“Dead to the Leg” / Not “Going Forward” Issue

This post somewhat follows the one I wrote last month (click). Here I wanted to reflect on something which I often hear from riders and which goes a little bit like this: “If I don’t give him three or four whacks to start with he just drags along for entire lesson. I hate doing this but it works and he just goes great afterwards” or I really don’t want to kick her so hard but I have to or she just won’t go“…

Understanding what to do and how to do it is the key for the rider to progress. What about the horse…?

I am yet to meet a rider who says “I love that bit at the beginning when I have to whack him properly so he goes well later” or one who says “I ride for the workout I get from booting her along, what a pleasure” so I thought it might be a good idea to write down the “what to do instead” suggestions…

There will be no quick fix recipe in this post, just reflections on where to direct our efforts when re-training a horse that became dull to the leg aids.


When dealing with a “dead-to-the leg” horse or pony it’s important to establish how we are going to get it to understand what is required all over again. It goes without elaboration that I don’t consider such horse stupid. Something happened either during initial training or further use of the horse which made him respectively confused about or unresponsive to the “go button”.

There are so many different training methods out there nowadays that it’s easy to get confused oneself and become unsure as to what system to follow and therefore what might be a good approach when fixing things. I personally am more of an animal science enthusiast and prefer to go with horse friendly equine behaviour science angle with a pinch of open mind added in for good measure.

This helps me decide if I “like” any new training method if I get to try one as well as let’s me mix and match what I see works well in whatever systems I come across be it classical, modern, Parelli, Monty Roberts, Intelligent Horsemanship etc etc whatever names it got given.

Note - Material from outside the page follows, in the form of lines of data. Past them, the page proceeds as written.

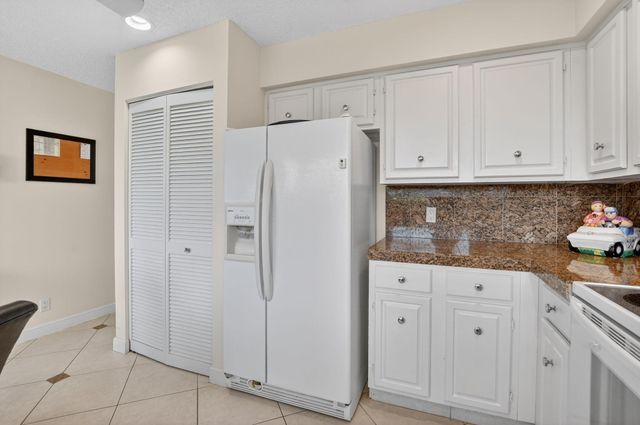 19830 Sawgrass Drive 301, Boca Raton, FL 33434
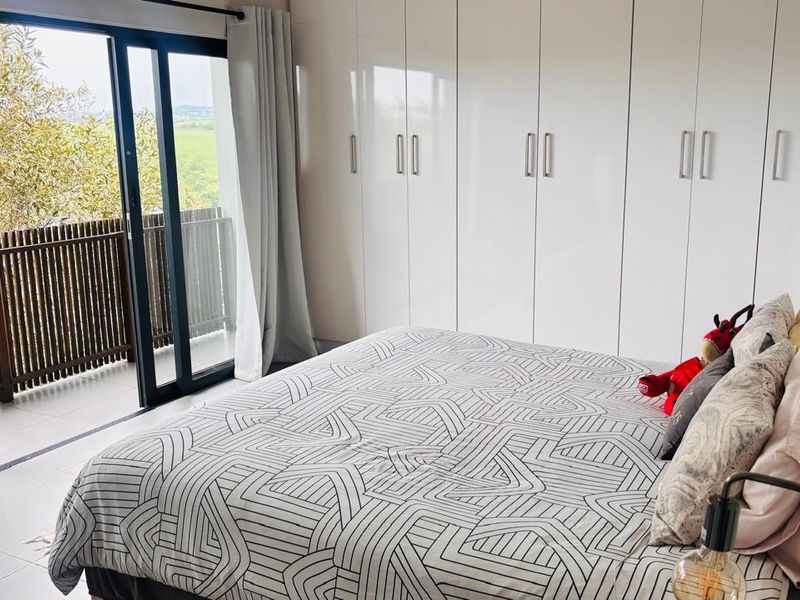 Beautiful 3-Bedroom Townhouse in Palm Lakes Estate - Photo 10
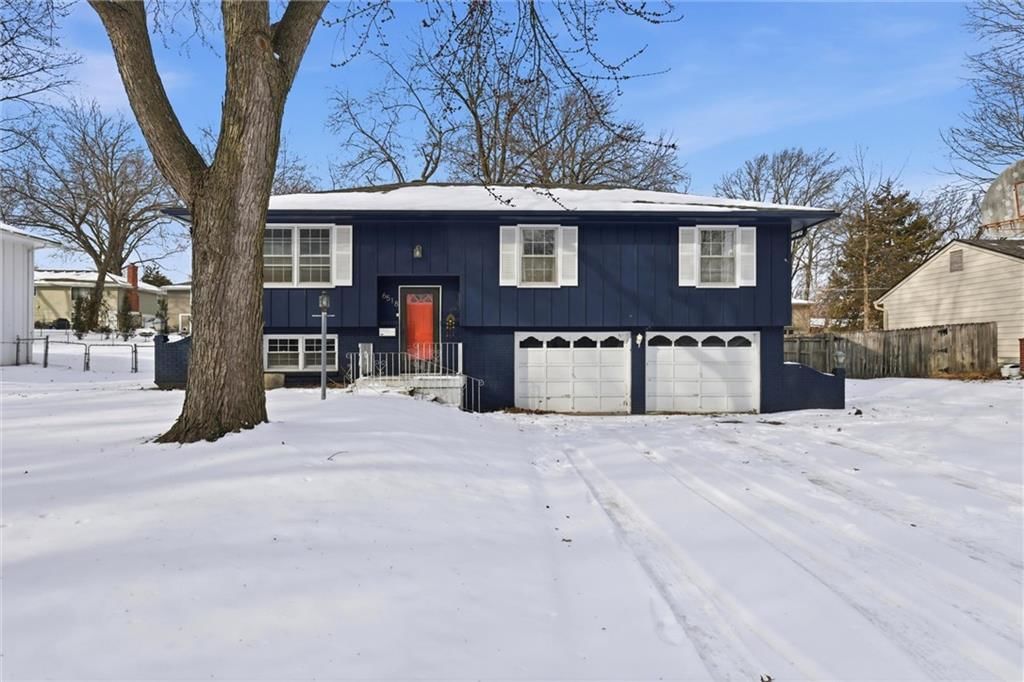 6518 Larsen Lane, Shawnee, KS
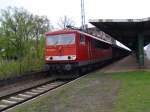 155 220-7 zog am 21.04.10 mit gedecktem Gterzug durch Eisenhttenstadt.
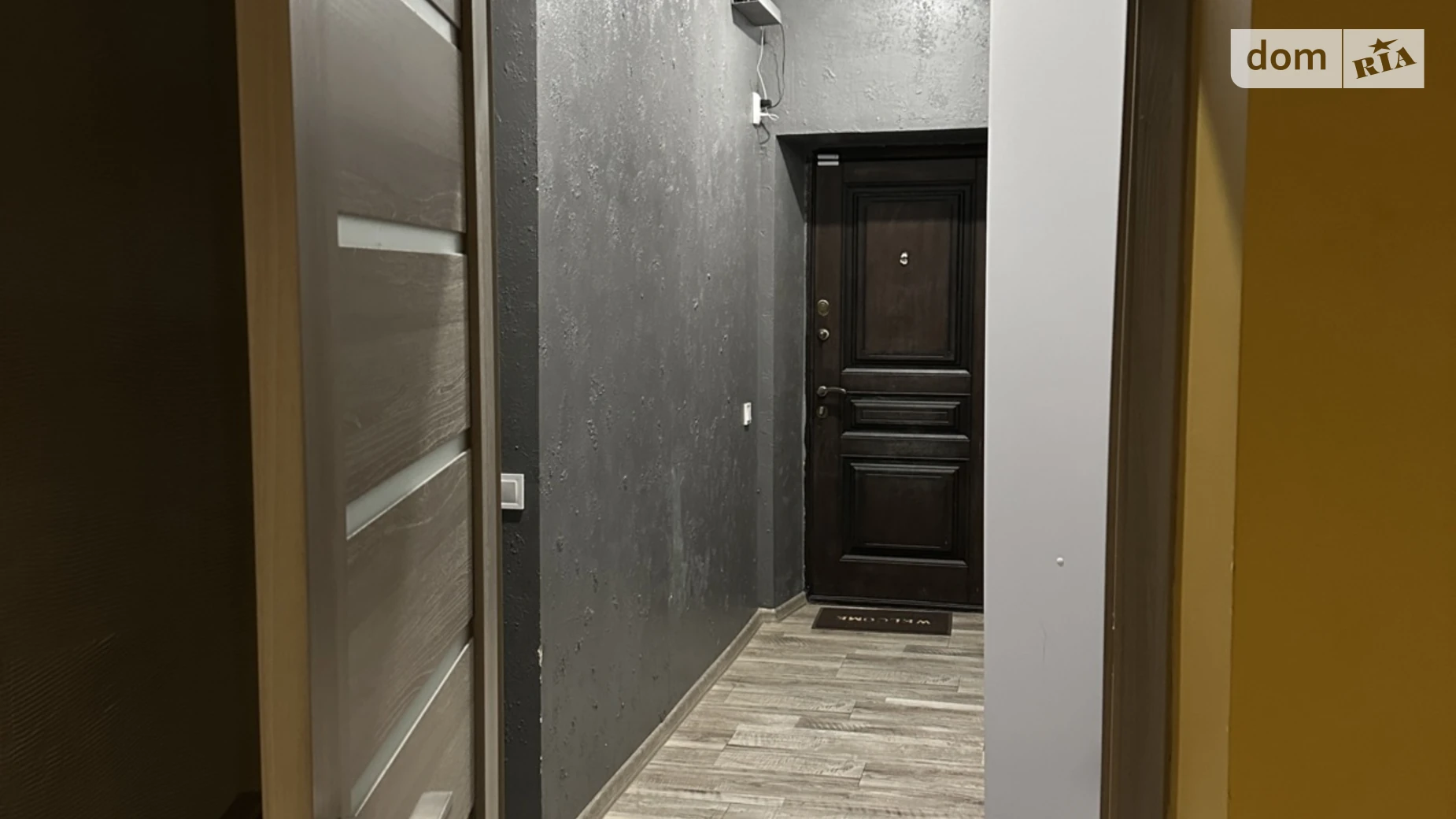 Продается 2-комнатная квартира 65 кв. м в Конотопе, просп. Мира, 28 - фото 3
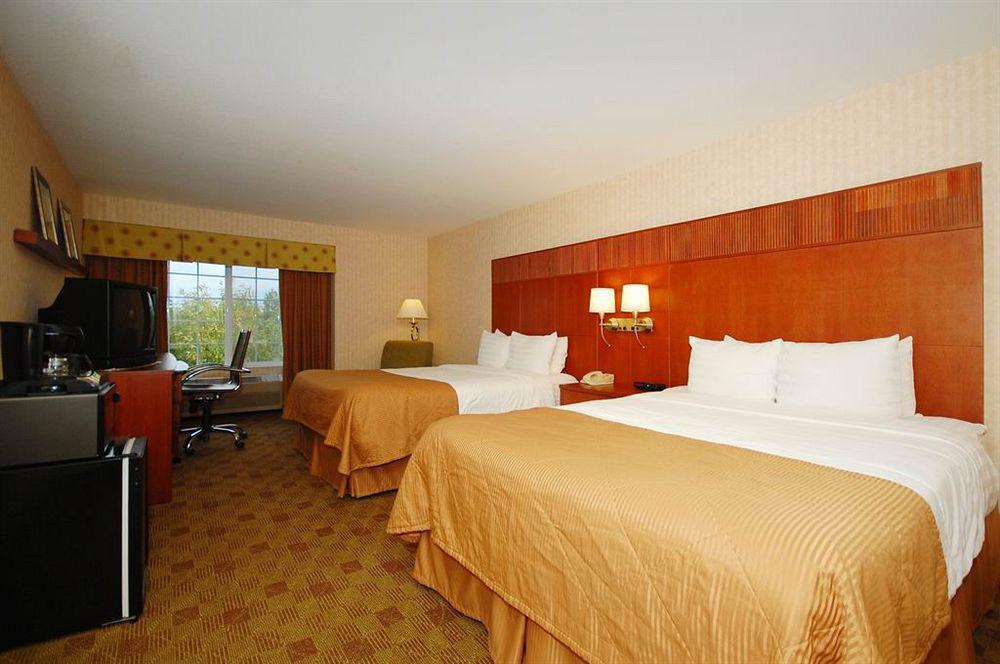 Clarion Hotel Portland International Airport Номер фото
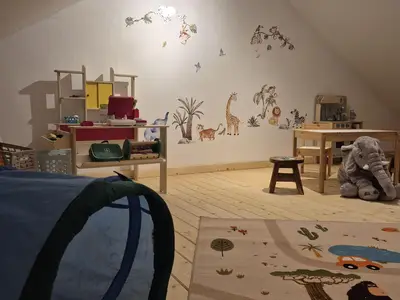 Spielzimmer mit Tiermotiven und Spielzeug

I find this works very well because it eliminates illogical training methods and those based on over stimulation of the wrong motivational drives in horses, like fear.

Most often, the dead-to-the-leg horse was either:

1) Never taught to react to the leg touch properly in the first place

2) Withdrawn into himself due to incorrect leg use or abuse by the rider (not necessarily current rider)


3) Movement is uncomfortable to him due to crookedness or rider’s low level of riding skills

The leg aids, and rein aids, are generally trained by negative reinforcement. This means the horse learns that reward comes in a shape of removal of uncomfortable pressure. Leg wrapped around his belly and touching with pressure will relax if he moves. Pressure on the mouth will be immediately gone if he slows down or stops.

My advice would be to make a list of your beliefs connected with horse training. Anything that comes to your mind as to why your horse does or doesn’t do as it is asked. This little exercise, when confronted with behaviour science, should give you pointers as to where to start re-training…

In the process of figuring out how to make your horse be responsive to the leg, you will need to figure out what motivates him and to what extent. Not all horses are food motivated. Some just like to be left alone…if you have a horse that prefers peace of mind then you will have to learn how to be a very quiet, logical and sympathetic rider…If your horse climbs a roof for a carrot you might get away with bouncing about now and then yet provide a meaningful reward for desired [go] behaviour.

To figure out your own horses motivation and way of learning you can pick something new you can teach your horse to do. Chose something that you have no clue how to teach and give it some thought. Research it. Read on it. When I first did this with my own horse I decided to teach him to lower his head to the ground when he saw a bridle. He wasn’t into snacks at all but through trial and error I found out he really enjoyed being rubbed on the side of his head where cheek pieces go so that was my reward trick for him.

Teaching your horse something from “scratch” helps you understand his learning process. Here, a young rider is teaching her pony to move specific leg when it is touched with the stick and then immediately stop to a certain body stance and momentary pressure of a headcollar. The exercise helps her with being more precise with her aids when she rides.

Anything we teach a horse is about achieving a reward. The horse must understand how to obtain that reward and the rider must be clear what the horse prefers to be rewarded with.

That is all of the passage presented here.